Senator Bernie Sanders of Vermont, the self-avowed “democratic socialist” who gave Democratic presidential nominee Hillary Clinton a tough primary race, was the only other presidential candidate of 2016 for whom Stein had kind words. In her remarks to the crowd, as well as in the course of a brief press conference with local media at the end of her appearance, Stein found fault a-plenty with Clinton, Republican nominee Donald Trump, and Libertarian Party nominee Gary Johnson.
All three are, as she put it, supported by “the same predatory banks, the fossil fuel giants, the war profiteers, the insurance companies, the private prison industry.” The race between Clinton and Trump is one between “the most disliked candidates in history,” she said. Unimpressed by Clinton’s lead over Trump in the polls, she said, “Right now, ham sandwich could be leading Trump by double digits."

Stein described herself as “the only candidate in the race not funded by corporations, by lobbyists…and Super PACs.” There is, she said, “no question that Americans are looking for something else,” and, as a potential “organizer in chief” in the Presidency, she laid claim to being that something, spending the better part of an hour spelling out her positions on a myriad of issues.

Among other things, she would “turn the White House into a Green House,” launching an emergency jobs program to deal with climate problems, so as to deal with “two emergencies at once.” She would begin a turnaway from both fossil fuels and nuclear energy, advocating wind and solar approaches instead, suggesting that such an approach also "makes the friggin’ wars for oil obsolete."

As did Sanders, she called for a program of free college education and asserted that the number of people “held by student debt are enough to win the election.” Also on the education front, she proposed “an end to school closings, to privatizations, and charterizations,” and an end as well to “high stakes testing.”

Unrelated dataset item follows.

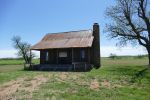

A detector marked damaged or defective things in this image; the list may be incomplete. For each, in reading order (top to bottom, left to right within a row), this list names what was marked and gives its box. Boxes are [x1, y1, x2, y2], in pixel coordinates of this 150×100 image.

rusty metal roof [30, 29, 93, 50]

There was a good deal more in her agenda, including a suggested “peace initiative in the Middle East” and  a calling to accounts, in the process, such relatively free-wheeling allies as Saudi Arabia and Israel.

Like Trump in the current race,  Stein had, in her presidential race in 2012, chosen not to reveal her tax returns and had withheld doing so this year until August, when the first two pages of her 2015 tax return were put on her website.

Asked on Monday about her reluctance to release the returns in 2012, Stein said, “The issue then was, my husband was in a job situation where it was problematic for him to be releasing his salary, so he was kind of dragging his feet on that. But no longer. He’s not in that job situation now. It was an issue at work about salaries among staff.”

In any case, Stein was indisputably well received on Monday, and the sizeable crowd she drew at Amurica may indeed, polling figures notwithstanding, have attested to a yearning out there in the electorate for an outlier alternative in this year’s election.